Für den ersten Teil, die Schilderungen des Todesmarsches, brauchte ich drei Anläufe, zu groß der Schrecken und die Gräuel, die die Autorin mit den Augen und den Worten eines Kindes beschreibt, der noch nicht alt genug ist, alles zu verstehen, und doch alt genug, um zu viel zu begreifen. Dadurch wirken die Ereignisse auf den Leser noch unfassbarer, so dass auch ihm die Worte fehlen, das beim Lesen Gefühlte in Worte zu fassen.

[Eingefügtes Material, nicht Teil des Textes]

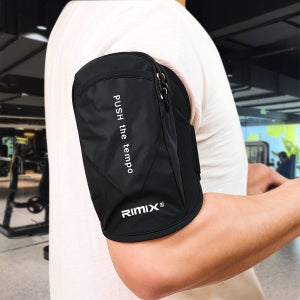 고탄력 스마트폰 암밴드 러닝 핸드폰 포켓형 블랙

Mit der Verschiebung der Perspektive auf die der Kinder von Paul tritt eine unerwartete Wendung ein. Die Autorin nimmt uns mit in zwei Leben, die sehr intensiv sind und zugleich auf der Suche nach einem Ziel. Die Beschreibungen werden sanfter, ruhiger trotz aller Zweifel und Getriebenheit der Protagonisten. In den Schrecken und das Schweigen mischen sich herzliche Erlebnisse, warme Begegnungen und tiefe Gespräche zwischen den beiden Geschwistern, aber auch zwischen den ihnen und den Menschen, denen sie auf ihrer Reise in die Vergangenheit begegnen. Der Schrecken schlummert unter einer atmosphärisch beschriebenen Landschaft zwischen Brünn und Wien und in den herzlichen Begegnungen zwischen den Tschechen und dem deutschen Geschwisterpaar, die nichts mehr von irgendwelchen Ressentiments erahnen lassen. Das Ende gibt eine Aussicht auf Versöhnung, vielleicht ist es etwas viel des Guten, vielleicht haben es sich die Figuren und die Leser aber auch verdient nach diesem schweren Marsch. Auch wenn Maria meint, Geschichte vollziehe sich in Kreisen wie die Ringe eines Baumes, macht das Ende doch Mut zu glauben, dass sich nicht alles zwangsläufig wiederholen muss, sondern dass der Mensch die Entscheidung hat durch Vergebung und durch das aufeinander Zugehen den Kreis zu etwas Gutem zu führen.
Der Autorin ist ein intensives, anrührendes Buch gelungen. Sie findet oft wunderbare Worte für das schwer Sagbare. Es ist ein Buch, das man lange mit sich trägt und nicht mehr vergessen wird.